Kantor Berita Internasional Ahlulbait -ABNA- Sejumlah anggota parlemen dan politikus Lebanon pada Selasa (19/8) mengajukan gugatan terhadap Sheikh Naeem Qassem, sekretaris jenderal Hizbullah, terkait pidatonya yang menolak pelucutan senjata perlawanan. Dalam pidatonya, ia menuduh pemerintah Lebanon menyerahkan negara kepada “Israel.”
Harian Rai al-Youm menilai, langkah ini bukan sekadar proses hukum, melainkan upaya membuka jalan perang saudara dengan kedok legalitas untuk melaksanakan rencana AS dan Israel, yaitu pelucutan senjata Hizbullah oleh tentara Lebanon sebelum akhir tahun.
Pertemuan penggagas gugatan digelar di kantor Ashraf Rifi, anggota parlemen sekaligus mantan menteri. Mereka menuduh Hizbullah memicu konflik sektarian dan berupaya membentuk front anti-perlawanan. Padahal, berdasarkan Perjanjian Taif, senjata perlawanan adalah legal untuk menghadapi agresi Israel.

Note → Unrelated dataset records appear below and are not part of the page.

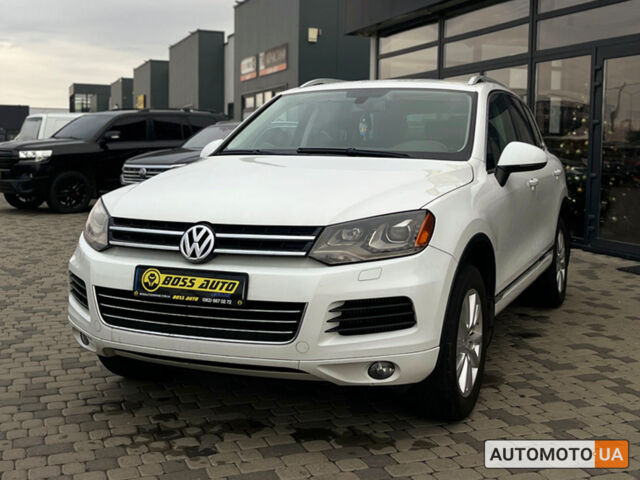 Білий Фольксваген Туарег, об'ємом двигуна 3 л та пробігом 283 тис. км за 20800 $, фото 2 на Automoto.ua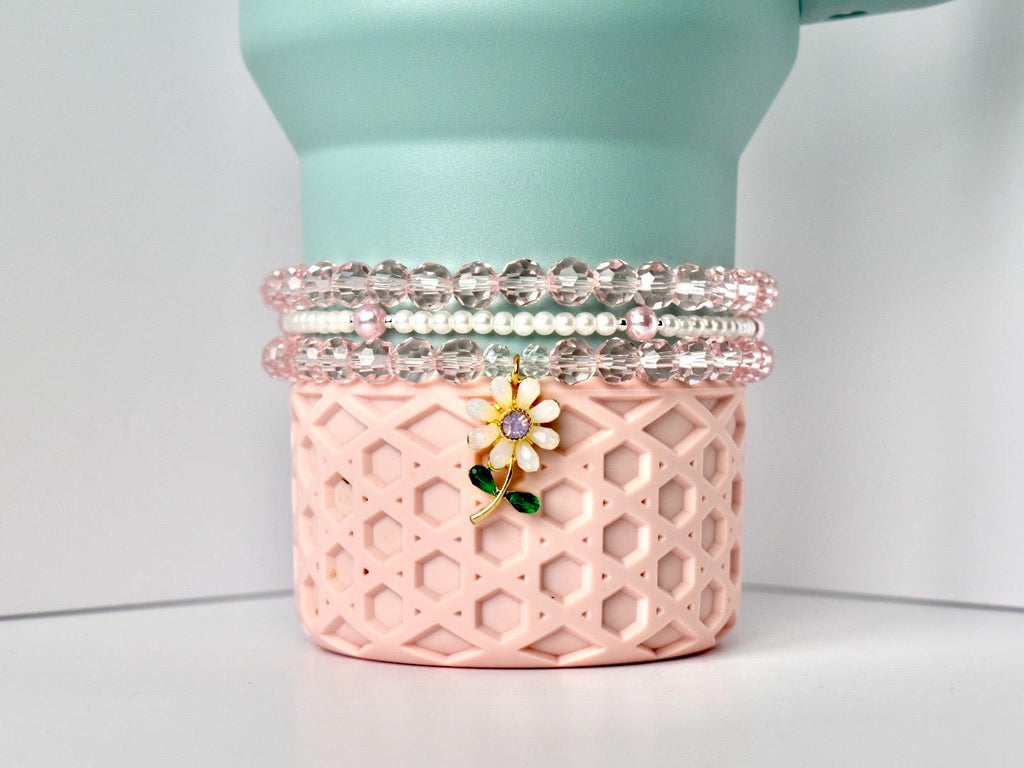 A light pink, geometric patterned container holds three bracelets and a flower charm. The bracelets are made of clear, faceted beads and white pearls. The flower charm has a yellow center, purple accent, and green stem. The container is light pink and has a mint green top.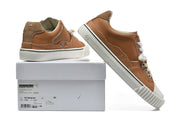 Brown low-top sneakers displayed with a shoebox; the visible box label shows size 40.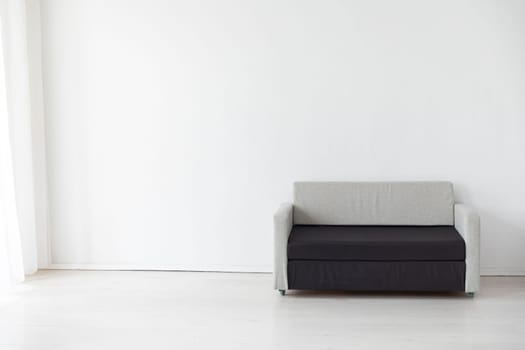 sofa in a bright room against a wall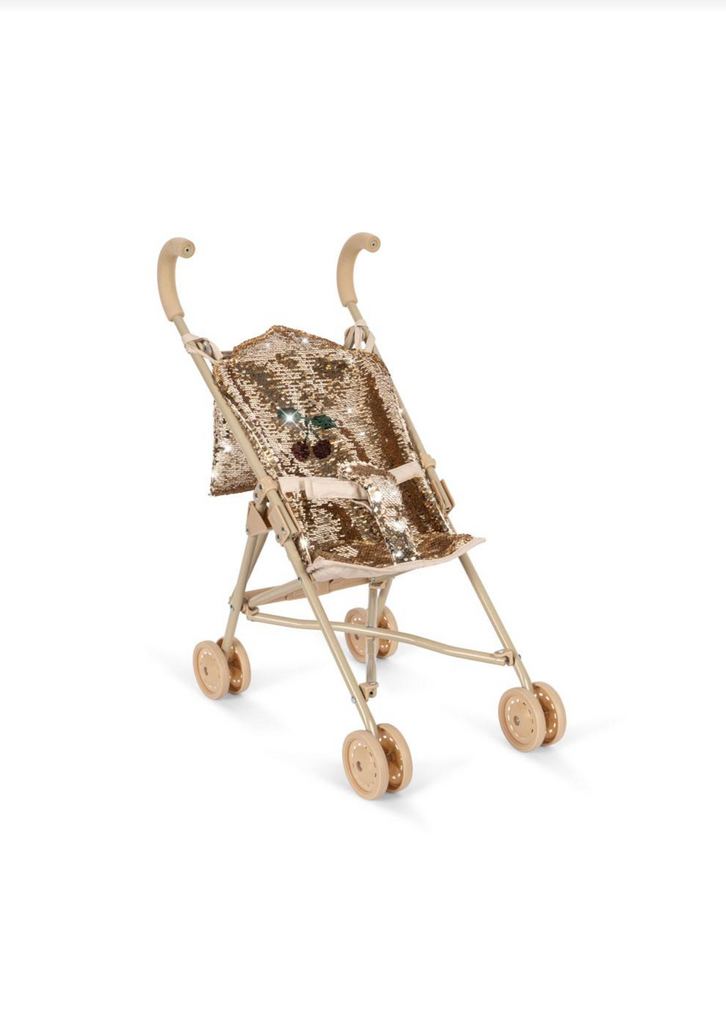 The Konges Sloejd Sparkly Sequin Doll Stroller - Golden Cherry features a stylish gold color, curved handles, a shiny sequined seat, and four pairs of wheels, shown against a plain white background.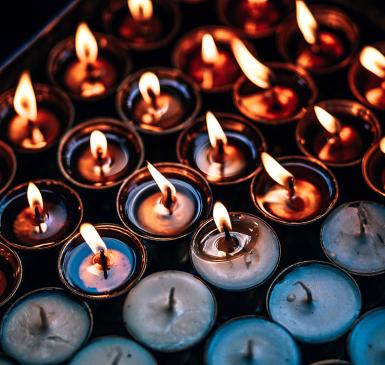 Image: tea lights burning. Topic: Most Popular Green Living Tips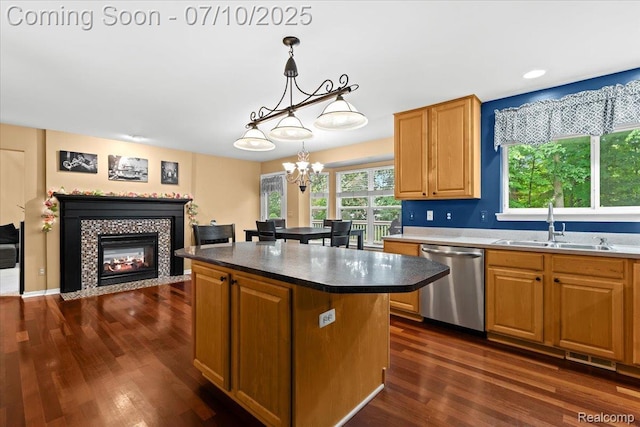 4583 Racewood Dr, Commerce Twp, MI 48382 - kitchen featuring dishwasher, dark wood-style flooring, a chandelier, a fireplace, and a center island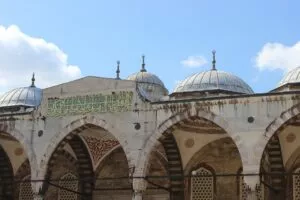 Cúpulas de plomo y arcos de una mezquita otomana con una banda de caligrafía árabe en verde y oro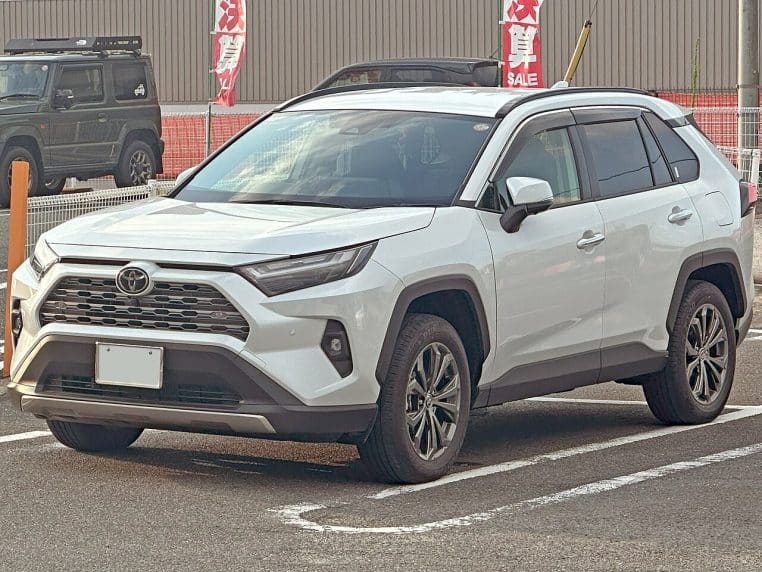Toyota RAV4 hybride blanc stationné sur un parking, photographié en trois-quarts avant, montrant clairement sa silhouette de SUV familial.
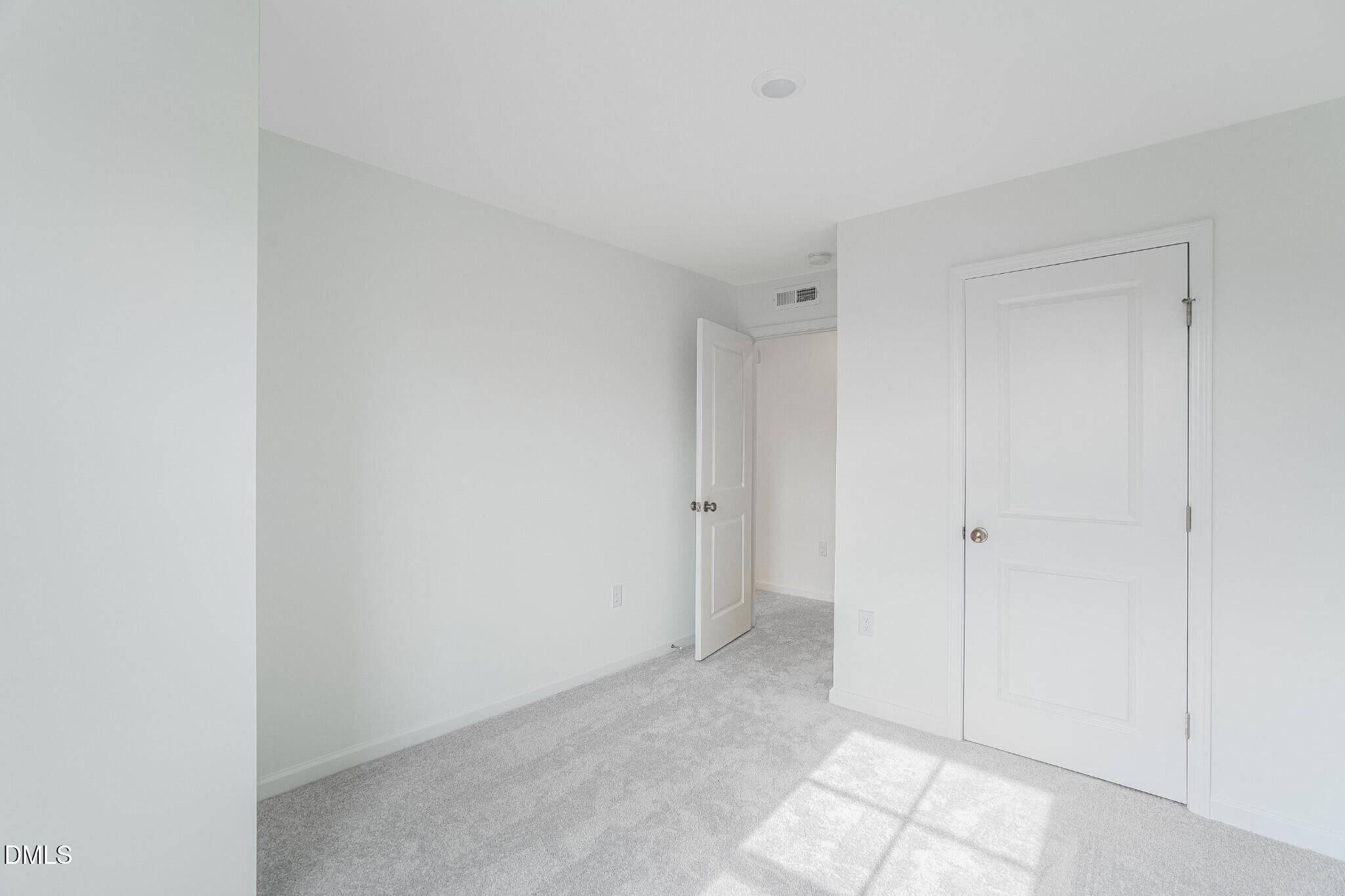 654 Roy Adams Road Angier, NC 27501 - Photo 27 of 38 a view of an empty room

Rencana ini disebut sebagai bagian strategi besar AS yang ingin memutus akses Hizbullah terhadap senjata dan dukungan logistik, khususnya lewat Suriah. Pemantik awalnya muncul di distrik al-Ashrafiyah, wilayah yang dulu juga menjadi titik mula perang saudara Lebanon. Bedanya, jika dahulu perlawanan Palestina jadi target, kini sasaran adalah Hizbullah—yang dua kali mengalahkan agresi Israel: membebaskan selatan Lebanon dan menang dalam perang Juli 2006.
Para pengusung pelucutan senjata dianggap melupakan bahwa senjata perlawanan tidak pernah diarahkan ke rakyat Lebanon, melainkan hanya ke musuh, serta melupakan peran Hizbullah dan Amal dalam mengangkat Michel Aoun sebagai presiden dan mendukung kabinet Najib Mikati.
Seperti ditegaskan Sheikh Qassem, jika proyek ini dipaksakan, maka yang menanti adalah "perang Karbala"—yakni pilihan antara kemenangan atau kesyahidan. Senjata perlawanan, ujarnya, adalah senjata suci yang hanya digunakan untuk tujuan suci: melindungi Lebanon dari penjajahan Israel.